Pour le médecin, le fait de prescrire peut notamment apaiser son sentiment d’impuissance face à une situation clinique complexe ; c’est la croyance en l’efficacité du traitement qui le motive à prescrire, comme le décrit Jean-Noël Missa – médecin et philosophe – sous le terme d’« efficacité subjective ».
Exemples de modalités de prescription de psychotropes chez l’enfant et l’adolescent
Schizophrénies à début précoce
- Dans l’AMM des antipsychotiques de deuxième génération, traitement de référence, l’âge minimal est de 15 ans pour l’aripiprazole et l’amisulpride, de 16 ans pour la clozapine, et 18 ans pour l’olanzapine, la quétiapine et la rispéridone.4,6
- L’aripiprazole et la rispéridone sont les plus couramment utilisés, la clozapine étant réservée aux formes dites résistantes en raison de ses effets indésirables.6
- La surveillance clinique et paraclinique est obligatoire de façon périodique.
- La réponse au traitement neuroleptique apparaît en deux à six semaines. Une réponse insuffisante après six semaines impose une modification de posologie ou un changement de molécule.
Antipsychotiques en cas de troubles du comportement dans le cadre d’un trouble du spectre de l’autisme ou d’une déficience intellectuelle
- La rispéridone et l’aripiprazole sont les plus étudiés, en particulier pour leurs effets sur l’agressivité et les comportements répétitifs ; leur niveau d’efficacité est modéré.
- La survenue d’effets indésirables est à surveiller (essentiellement la prise de poids et la sédation).
- Ces molécules ont une AMM chez les 5 - 18 ans ayant un handicap intellectuel (avec ou sans TSA) et des troubles du comportement.
- La rispéridone est prescrite à la dose de 0,5 à 3 mg/j.7 La durée ne dépasse pas huit semaines en traitement symptomatique, en combinaison avec des mesures environnementales.
Dépression de l’enfant et de l’adolescent
- En général, les antidépresseurs sont prescrits en deuxième intention lorsque la symptomatologie est intense et, surtout, après échec d’un travail psychothérapeutique de quatre à six semaines.
- La fluoxétine est indiquée en première intention (AMM à partir de 8 ans) à la dose de 20 mg/j atteinte progressivement.6
- La surveillance du risque suicidaire ainsi que les autres effets indésirables (surtout dans les trois premiers mois chez les adolescents) est capitale.
2. Monloubou C, Forgeard L, Villand A, et al.
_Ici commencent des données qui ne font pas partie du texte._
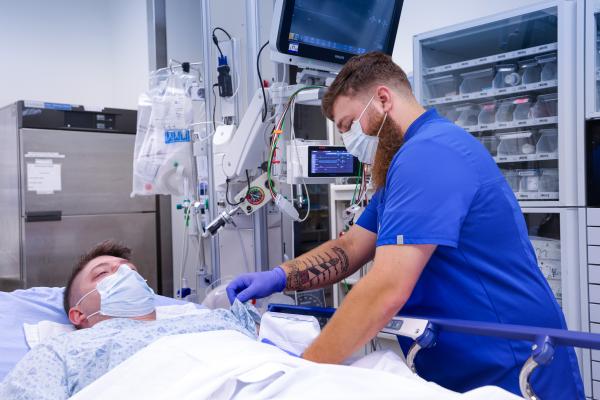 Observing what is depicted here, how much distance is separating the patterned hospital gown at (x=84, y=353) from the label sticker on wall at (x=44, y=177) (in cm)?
209

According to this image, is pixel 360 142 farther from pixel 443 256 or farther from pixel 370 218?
pixel 443 256

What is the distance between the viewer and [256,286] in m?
1.87

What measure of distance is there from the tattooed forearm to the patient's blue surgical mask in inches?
20.0

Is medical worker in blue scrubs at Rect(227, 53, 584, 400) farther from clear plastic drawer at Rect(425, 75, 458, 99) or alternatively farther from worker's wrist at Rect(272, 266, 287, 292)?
clear plastic drawer at Rect(425, 75, 458, 99)

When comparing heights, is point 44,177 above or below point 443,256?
above

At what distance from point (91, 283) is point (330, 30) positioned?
139 centimetres

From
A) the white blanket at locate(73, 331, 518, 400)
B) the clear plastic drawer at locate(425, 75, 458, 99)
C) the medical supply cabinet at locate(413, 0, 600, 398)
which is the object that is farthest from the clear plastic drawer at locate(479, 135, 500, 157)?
the white blanket at locate(73, 331, 518, 400)

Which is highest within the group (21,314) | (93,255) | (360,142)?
(360,142)

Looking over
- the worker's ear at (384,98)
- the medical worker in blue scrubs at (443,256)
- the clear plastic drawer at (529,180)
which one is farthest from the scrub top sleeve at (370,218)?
the clear plastic drawer at (529,180)

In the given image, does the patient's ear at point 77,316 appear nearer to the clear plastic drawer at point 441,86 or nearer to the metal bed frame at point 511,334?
the metal bed frame at point 511,334

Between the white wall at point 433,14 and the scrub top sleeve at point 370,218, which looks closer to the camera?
the scrub top sleeve at point 370,218

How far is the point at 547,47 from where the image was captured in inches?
104

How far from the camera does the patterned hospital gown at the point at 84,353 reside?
1370 mm

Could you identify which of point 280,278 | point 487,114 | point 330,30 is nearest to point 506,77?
point 487,114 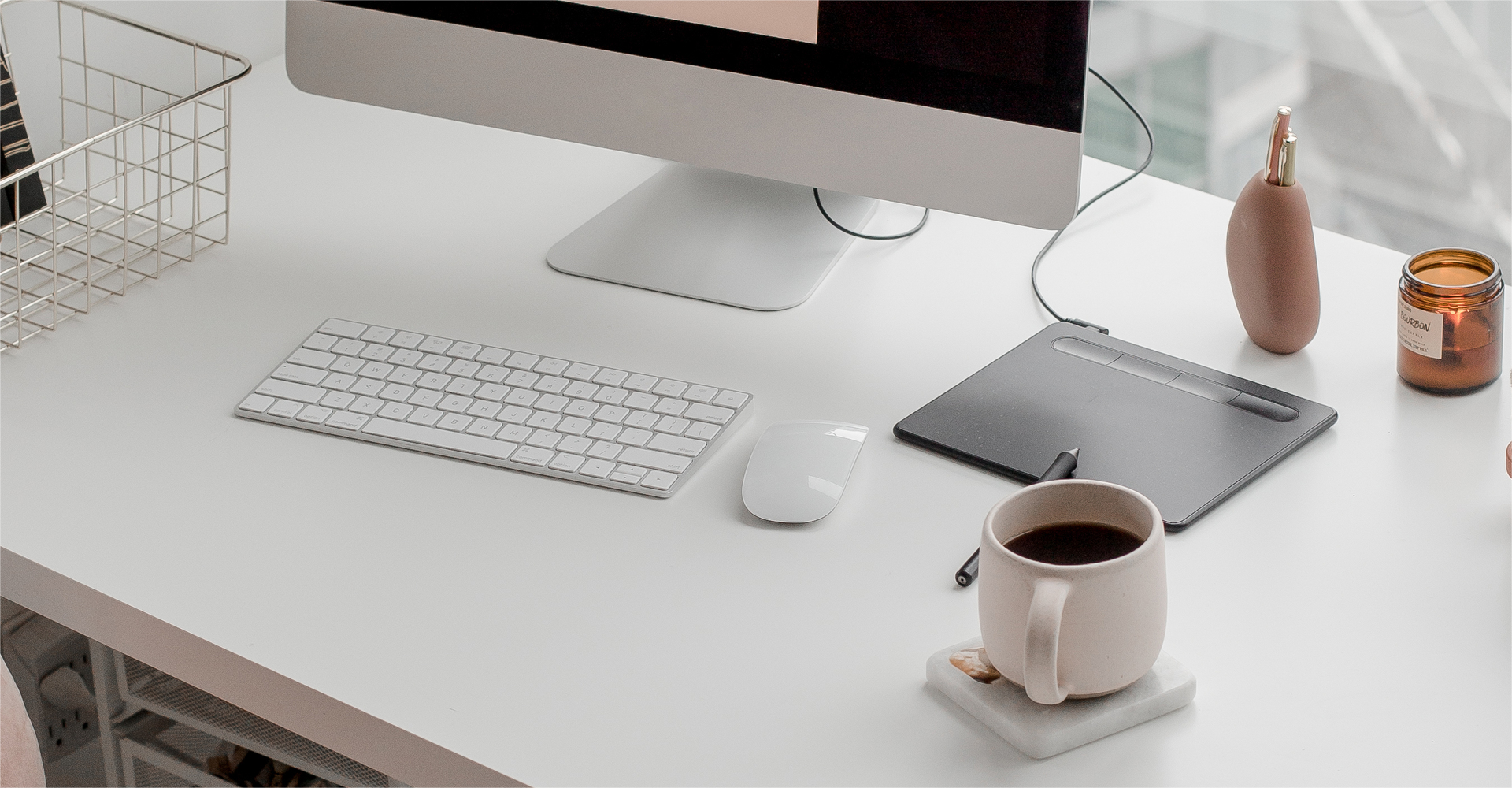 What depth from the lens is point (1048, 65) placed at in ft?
2.54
La prescription de psychotropes chez l’enfant : obstacles et motivations. Psychiatre de l’enfant 2015;2(58):595-608 .
3. Hovagemyan-Odone M. Les pièges de la prescription de psychotropes chez l’enfant et l’adolescent, Rev Med Suisse 2005;013(9):917-8.
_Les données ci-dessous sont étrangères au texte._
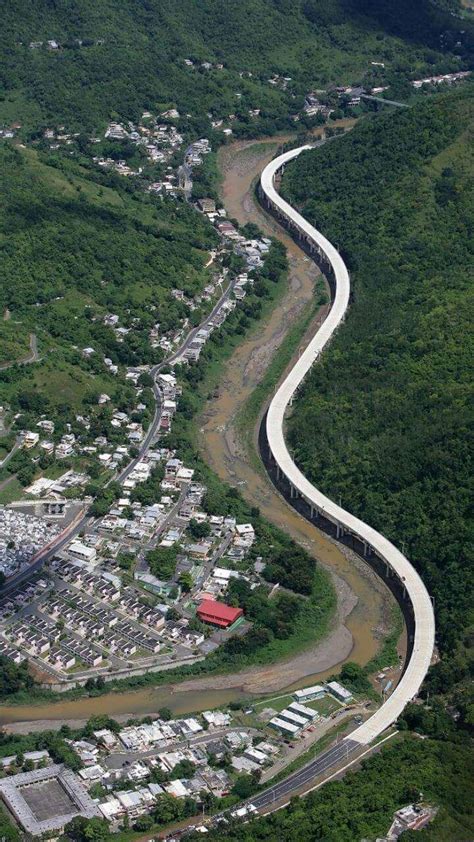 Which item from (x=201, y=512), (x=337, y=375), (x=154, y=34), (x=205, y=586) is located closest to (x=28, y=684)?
(x=205, y=586)

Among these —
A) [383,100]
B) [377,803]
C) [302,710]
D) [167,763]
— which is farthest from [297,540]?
[383,100]

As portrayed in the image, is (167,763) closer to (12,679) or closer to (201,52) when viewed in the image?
(12,679)

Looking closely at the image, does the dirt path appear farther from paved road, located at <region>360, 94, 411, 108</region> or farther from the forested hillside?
paved road, located at <region>360, 94, 411, 108</region>

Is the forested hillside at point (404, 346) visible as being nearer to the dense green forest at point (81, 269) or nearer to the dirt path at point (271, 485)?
the dirt path at point (271, 485)

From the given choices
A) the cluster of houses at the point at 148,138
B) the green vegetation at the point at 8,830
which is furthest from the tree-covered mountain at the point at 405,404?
the cluster of houses at the point at 148,138

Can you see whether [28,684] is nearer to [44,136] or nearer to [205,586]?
[205,586]

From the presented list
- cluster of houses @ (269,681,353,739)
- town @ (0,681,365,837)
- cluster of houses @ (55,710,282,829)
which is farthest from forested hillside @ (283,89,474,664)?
cluster of houses @ (55,710,282,829) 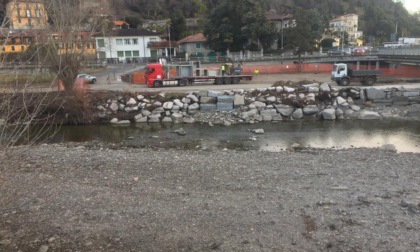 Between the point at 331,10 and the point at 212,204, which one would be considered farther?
the point at 331,10

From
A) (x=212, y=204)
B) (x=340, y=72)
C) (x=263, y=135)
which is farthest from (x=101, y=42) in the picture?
(x=212, y=204)

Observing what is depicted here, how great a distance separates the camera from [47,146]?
15641mm

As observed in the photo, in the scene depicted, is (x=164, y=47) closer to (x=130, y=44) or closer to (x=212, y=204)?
(x=130, y=44)

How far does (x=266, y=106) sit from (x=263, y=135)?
5109mm

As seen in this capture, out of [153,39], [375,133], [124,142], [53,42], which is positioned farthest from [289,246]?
[153,39]

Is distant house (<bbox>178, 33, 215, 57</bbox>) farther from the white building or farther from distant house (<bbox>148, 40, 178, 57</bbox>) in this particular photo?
the white building

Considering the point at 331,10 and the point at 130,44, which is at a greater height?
the point at 331,10

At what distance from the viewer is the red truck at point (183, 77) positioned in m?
30.1

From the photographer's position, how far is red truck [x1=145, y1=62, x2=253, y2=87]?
1186 inches

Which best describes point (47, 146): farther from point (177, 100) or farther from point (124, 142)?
point (177, 100)

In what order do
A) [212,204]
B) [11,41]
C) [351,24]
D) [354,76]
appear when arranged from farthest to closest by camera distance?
[351,24], [354,76], [212,204], [11,41]

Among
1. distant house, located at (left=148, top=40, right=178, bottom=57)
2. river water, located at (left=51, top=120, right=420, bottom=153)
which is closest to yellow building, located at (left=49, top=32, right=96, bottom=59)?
river water, located at (left=51, top=120, right=420, bottom=153)

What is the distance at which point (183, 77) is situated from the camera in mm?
30906

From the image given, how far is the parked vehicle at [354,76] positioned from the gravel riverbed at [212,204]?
18.1m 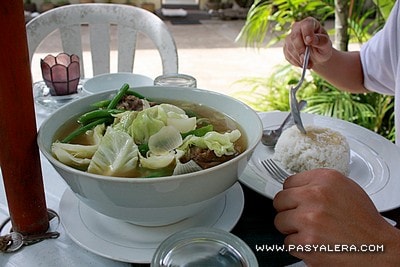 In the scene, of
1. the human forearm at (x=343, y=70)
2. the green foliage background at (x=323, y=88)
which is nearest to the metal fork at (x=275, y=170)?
the human forearm at (x=343, y=70)

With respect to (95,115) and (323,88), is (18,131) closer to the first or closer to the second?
(95,115)

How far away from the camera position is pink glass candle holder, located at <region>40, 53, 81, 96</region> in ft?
3.30

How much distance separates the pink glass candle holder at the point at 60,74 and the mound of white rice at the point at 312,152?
0.51 m

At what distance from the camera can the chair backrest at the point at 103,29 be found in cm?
141

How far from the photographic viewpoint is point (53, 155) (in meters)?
0.58

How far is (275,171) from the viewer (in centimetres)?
78

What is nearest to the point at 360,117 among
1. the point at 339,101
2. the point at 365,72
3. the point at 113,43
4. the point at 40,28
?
the point at 339,101

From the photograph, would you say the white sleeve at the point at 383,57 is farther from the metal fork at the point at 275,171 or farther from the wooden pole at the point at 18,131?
the wooden pole at the point at 18,131

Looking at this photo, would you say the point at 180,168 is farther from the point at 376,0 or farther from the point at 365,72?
the point at 376,0

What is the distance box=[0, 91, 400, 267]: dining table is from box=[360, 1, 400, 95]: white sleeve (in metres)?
0.58

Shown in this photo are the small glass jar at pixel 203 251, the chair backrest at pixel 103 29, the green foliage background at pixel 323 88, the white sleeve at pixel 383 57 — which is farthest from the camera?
the green foliage background at pixel 323 88

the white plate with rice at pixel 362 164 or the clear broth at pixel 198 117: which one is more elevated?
the clear broth at pixel 198 117

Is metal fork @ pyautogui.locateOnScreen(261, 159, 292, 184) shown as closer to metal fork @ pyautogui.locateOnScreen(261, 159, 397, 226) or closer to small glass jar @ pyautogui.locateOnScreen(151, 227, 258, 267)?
metal fork @ pyautogui.locateOnScreen(261, 159, 397, 226)

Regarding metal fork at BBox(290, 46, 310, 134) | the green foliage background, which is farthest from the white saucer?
the green foliage background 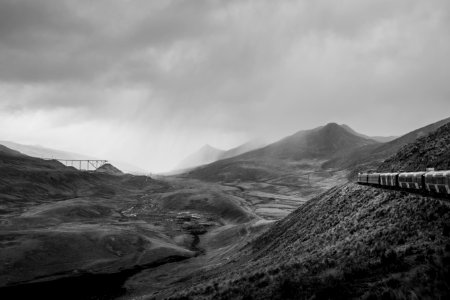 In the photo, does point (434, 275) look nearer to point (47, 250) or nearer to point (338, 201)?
point (338, 201)

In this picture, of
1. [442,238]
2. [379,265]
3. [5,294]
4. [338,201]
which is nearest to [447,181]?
[442,238]

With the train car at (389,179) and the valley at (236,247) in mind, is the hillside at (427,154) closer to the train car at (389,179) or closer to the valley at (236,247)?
the valley at (236,247)

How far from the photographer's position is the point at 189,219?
16375 centimetres

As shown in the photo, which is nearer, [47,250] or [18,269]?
[18,269]

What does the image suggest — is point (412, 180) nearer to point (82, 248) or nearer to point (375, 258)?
point (375, 258)

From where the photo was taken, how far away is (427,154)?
170 ft

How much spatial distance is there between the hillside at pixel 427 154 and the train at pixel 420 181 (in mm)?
6377

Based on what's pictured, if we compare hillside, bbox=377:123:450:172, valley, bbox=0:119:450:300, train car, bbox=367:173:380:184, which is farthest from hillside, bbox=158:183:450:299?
hillside, bbox=377:123:450:172

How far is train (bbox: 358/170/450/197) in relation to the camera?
27659mm

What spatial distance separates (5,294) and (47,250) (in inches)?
943

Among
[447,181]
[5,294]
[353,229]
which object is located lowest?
[5,294]

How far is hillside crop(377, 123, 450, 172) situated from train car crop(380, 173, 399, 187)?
625 centimetres

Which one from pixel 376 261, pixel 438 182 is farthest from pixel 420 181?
pixel 376 261

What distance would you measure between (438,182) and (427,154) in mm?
26496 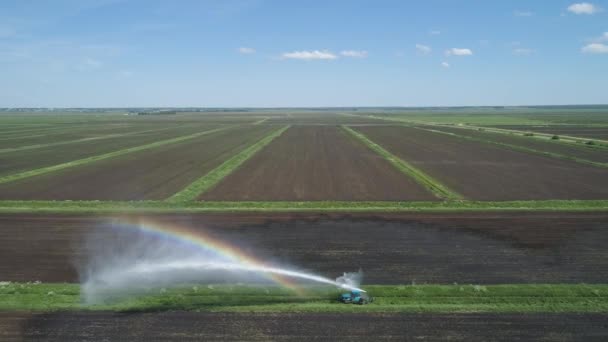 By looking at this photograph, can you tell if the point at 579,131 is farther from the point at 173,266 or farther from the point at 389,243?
the point at 173,266

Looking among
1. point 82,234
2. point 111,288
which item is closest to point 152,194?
point 82,234

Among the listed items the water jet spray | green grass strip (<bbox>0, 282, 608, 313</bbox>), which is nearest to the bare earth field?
the water jet spray

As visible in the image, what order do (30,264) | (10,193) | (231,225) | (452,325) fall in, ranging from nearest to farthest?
(452,325) → (30,264) → (231,225) → (10,193)

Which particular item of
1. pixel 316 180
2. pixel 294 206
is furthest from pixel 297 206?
pixel 316 180

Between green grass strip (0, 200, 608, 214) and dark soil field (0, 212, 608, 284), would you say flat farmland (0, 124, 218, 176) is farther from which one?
dark soil field (0, 212, 608, 284)

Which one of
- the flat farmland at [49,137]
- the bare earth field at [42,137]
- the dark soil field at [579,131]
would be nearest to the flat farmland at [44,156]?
the flat farmland at [49,137]

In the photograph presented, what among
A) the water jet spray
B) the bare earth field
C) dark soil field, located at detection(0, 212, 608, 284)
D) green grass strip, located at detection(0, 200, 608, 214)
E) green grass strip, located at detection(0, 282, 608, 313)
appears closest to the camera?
green grass strip, located at detection(0, 282, 608, 313)

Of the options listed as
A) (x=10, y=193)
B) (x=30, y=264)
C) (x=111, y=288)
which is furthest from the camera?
(x=10, y=193)

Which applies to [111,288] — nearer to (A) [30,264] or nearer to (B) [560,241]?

4. Winterfeld U, Bussieres J-F, Rouleau B, et al. Suivi clinique et paraclinique des enfants et adolescents traités par médicaments psychotropes. J Pharm Clin 2008;27(3):143-54.
5. Lakhan SE, Hagger-Johnson GE. The impact of prescribed psychotropics on youth. Clin Pract Epidemiol Ment Health 2007;3:21.
6. Manfred Gerlach M, Warnke A, Greenhill L. Psychiatric Drugs in Children and Adolescents. Springer 2014.
7. McCracken J, McGough J, Shah B, et al. Risperidone in Children with Autism and Serious Behavioral Problems. N Engl J Med 2002;347(5):314.